List of National, Public, and Regional Holidays in Telangana for 2026
| S.No. | Date | Day | Holiday | Holiday Type |
|---|---|---|---|---|
| 1 | Jan 01 | Thursday | New Year's Day | National |
| 2 | Jan 14 | Wednesday | Sankranti / Pongal | Regional |
| 3 | Jan 26 | Monday | Republic Day | National |
| 4 | Feb 15 | Sunday | Maha Shivratri | Religious |
| 5 | Mar 04 | Wednesday | Holi | Religious |
| 6 | Mar 21 | Saturday | Ugadi | Regional |
| 7 | Mar 21 | Saturday | Id-ul-Fitr | Religious |
| 8 | Apr 03 | Friday | Good Friday | Religious |
| 9 | Apr 14 | Tuesday | Dr B.R. Ambedkar Jayanthi | Public |
| 10 | May 01 | Friday | May Day | Public |
| 11 | May 27 | Wednesday | Bakrid (Id-ul-Zuha) | Religious |
| 12 | Aug 15 | Saturday | Independence Day | National |
| 13 | Aug 26 | Wednesday | Eid-e-Milad | Religious |
| 14 | Sep 14 | Monday | Vinayaka Chavithi | Regional |
| 15 | Oct 02 | Friday | Mahatma Gandhi Jayanti | National |
| 16 | Oct 11 | Sunday | Bathukamma (First Day) | Regional |
| 17 | Oct 20 | Tuesday | Vijaya Dasami (Dussehra) | Religious |
| 18 | Nov 08 | Sunday | Deepavali | Religious |
| 19 | Dec 25 | Friday | Christmas | Religious |
Dates for certain festivals follow the lunar calendar and reflect commonly observed 2026 calculations.

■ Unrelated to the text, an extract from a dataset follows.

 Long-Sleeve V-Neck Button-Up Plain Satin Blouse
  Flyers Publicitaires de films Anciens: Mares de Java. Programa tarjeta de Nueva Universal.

What This Looks Like on the Ground
State offices and public institutions follow this list closely. Sankranti and Bathukamma, in particular, have a wider footprint than their labels suggest. Even where there is only one officially listed holiday, the observance transcends this restriction and is widely observed.
Private employers tend to draw a harder line. National holidays are almost always observed, whilst regional festivals vary by organisation, industry, and location.
Tech giants in Hyderabad may recognise Vinayaka Chavithi differently from public-sector offices in Warangal. That is how decentralised observance works in reality and contributes to a very different calendar for different regions.
Banks generally align with RBI notifications, which overlap heavily with this list but are not identical year to year, unsurprisingly!
Also Read: Holiday List in Chhattisgarh 2026
FAQs
1. Why does Telangana have both regional and religious holidays?
This is because in Telangana, many festivals are culturally and ethnically relevant before they are religious.
Sankranti, Bathukamma, and Ugadi mark seasonal or social transitions, not just ritual ones, which is why the state recognises them with importance.
2. Is Bathukamma a single-day holiday?
Officially, one key day is notified; however, culturally, it spans several days.
Government calendars reflect the formal date, while public life reflects the longer rhythm.
3. Are all these holidays mandatory for private companies?
No. Private employers decide their own holiday lists, though national holidays are almost always observed. Regional holidays are often optional outside the public sector.
4. Why do some festival dates change every year?
Many festivals follow the lunar calendar. When the lunar cycle shifts, the Gregorian date shifts along with it. Telangana follows the same calculation system used across most Indian states.
5. Are banks closed on all these days?
Not necessarily. Banks follow RBI-declared holidays, which may include some but not all state holidays.